Poor households pushed out to the (extraregional) periphery?
We can therefore conclude that there has been an overall reduction in socio-spatial diversity between 1999 and 2007, which denotes a dual movement of growing spatial contrasts and a simplification of the model for the social division of space in the Paris region.
This simplification results from a more pronounced opposition between the two clusters of municipalities at the extremes, which have seen their social singularity (over-concentration of situations of considerable insecurity or considerable wealth), their homogeneity and their compactness all increase. Although we can therefore conclude that there has been an accentuation of the spatial polarisation in the Paris region, the dynamics observed do not result in a completely dichotomous metropolitan space. Indeed, a large majority of municipalities in intermediate positions between these two clusters have, over this period, been marked by gentrification processes under way since 1990.

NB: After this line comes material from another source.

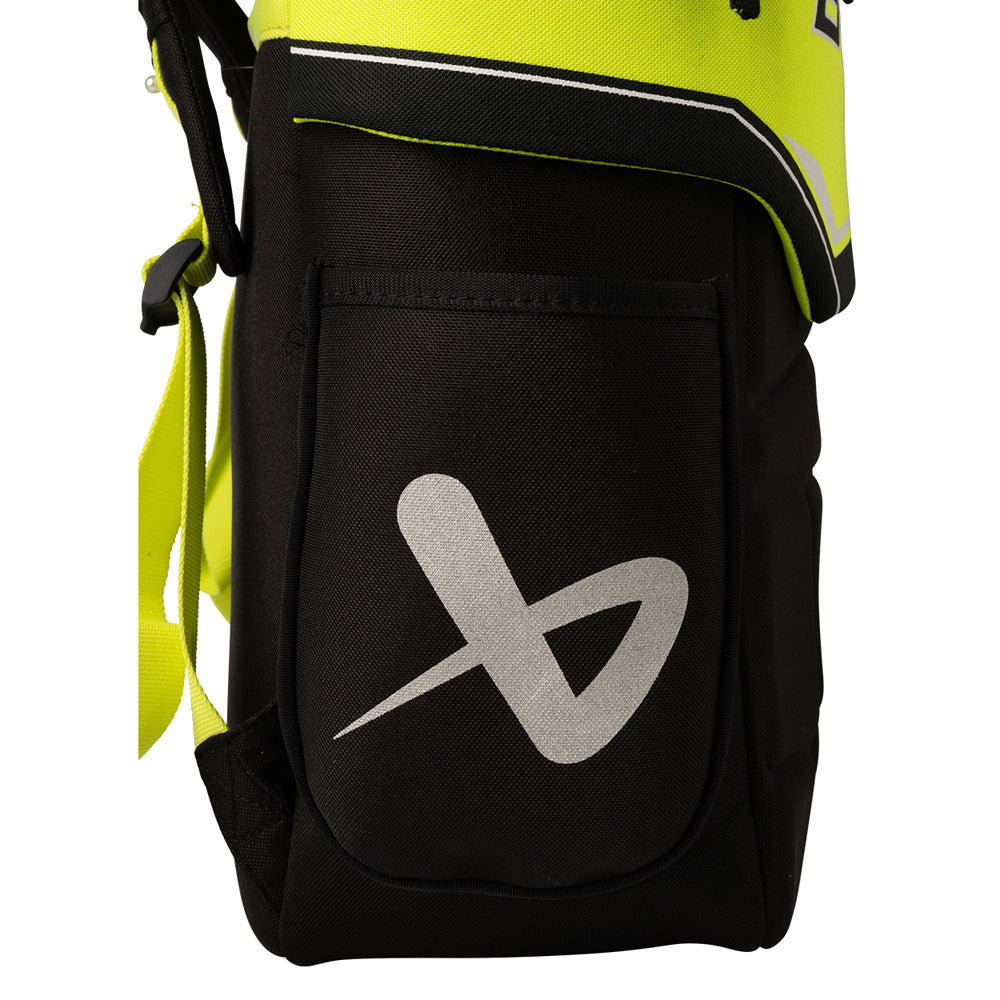 Bauer Black/Yellow Glove Backpack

At the same time, the regional model for 2007 appears less organised than in 1990, when clear patterns of income sectors were still evident. While such pattens remain very much present in the inner-ring départements, with an expansion of the “well-off” sector in the west and a retraction of the “poor” sector around a compact nucleus to the north of Paris, the same cannot be said of the outer-ring départements, where a homogenisation has been observed, with “fairly well-off” neighbourhoods extending outwards from the edges of the wealthiest areas – at the expense of mixed neighbourhoods – and islands of “poor” municipalities being gradually erased. [10]

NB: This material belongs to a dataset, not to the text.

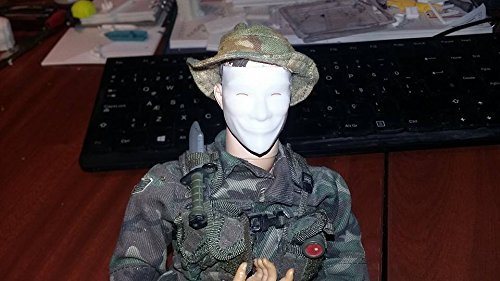 1/6 Maßstab V für Vendetta Maske (unbemalt) - Bild 5 von 9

This conclusion nevertheless raises a new question: does the geographical area chosen for this study mask the exclusion of low- and middle-income households, who can no longer afford to live in the Paris region? Many researchers and local stakeholders are today drawing attention to the diffusion of the region’s population (Nolorgues 2010; Beaufils and Louchart 2010), and in particular the arrival of poor households in areas just beyond the regional boundaries. Research into social inequalities and the way these inequalities change can no longer ignore these fringe areas that now lie on one of the dividing lines of the Paris metropolitan area, and where – in common with many parts of periurban France – a strong “sense of abandonment” (Davezies 2012) is being felt.